Southern cooks seem to love certain brands rarely seen in Canada. The two mentioned in recipes I’ve seen are White Lily flour (for biscuits) and Texas Pete hot sauce.
Are these products replaceable? Are they all that and a side of poutine?
Southern cooks seem to love certain brands rarely seen in Canada. The two mentioned in recipes I’ve seen are White Lily flour (for biscuits) and Texas Pete hot sauce.
Are these products replaceable? Are they all that and a side of poutine?
Those aren’t available in boring sliced bread Nebraska either so you have company in your misery.
White Lily isn’t irreplaceable. Just find another flour made exclusively from soft winter wheat. But that flour is essential for good biscuits.
Texas Pete is Crystal is Louisiana is Frank’s. Cayenne hot sauce is cayenne hot sauce. And yes, I have them all in my cabinet and have tasted them side-by-side-by-side.
What is essential is Duke’s mayo. Nothing else will do. Amazon sells 3-packs, btw.
I may be murdered in my sleep by purists for saying this (so if I’m not online tomorrow you know what happened) but outside of tradition, there is zero reason to use most cayenne hot sauces in cooking.
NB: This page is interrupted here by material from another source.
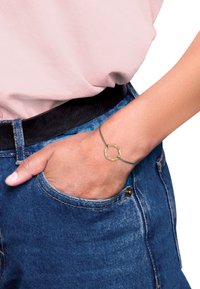 Goldfarbener Armreif mit einem strukturierten runden Anhänger an einem dünnen Drahtband, getragen an einer Hand, kombiniert mit einem rosa Oberteil und einer blauen Jeans.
It is a fine source of mild heat and acid, but was mostly used back when your only option was Tabasco or a local equivalent. In the modern market, there are dozens of varieties of hot sauce in your average grocery story (although that may be slightly less in Canada, and perhaps even sliced bread Nebraska) which can be tailored to the flavor profile of your specific dish.
One of my best friends mother was ‘nawlins’ born and bred, and we had holiday meals with them for years and years. She always used Frank’s in all her traditional cooking, until said friend introduced her to Yellowbird sauces. She grumbled, but admitted the resulting dishes had a stronger flavor, and by picking out the right sauce you can emphasize the fruit, savory, or sour tastes more specifically. Or if you’re just adding heat, well, the traditional options are small potatoes compared to the sort of peppers seen these days.
But still, sometimes if you’re just making something and trying to replicate the taste you had as a child, the various cayenne sauces are mostly interchangeable, so go with what you want. When you’re ready to expand, the sky’s the limit.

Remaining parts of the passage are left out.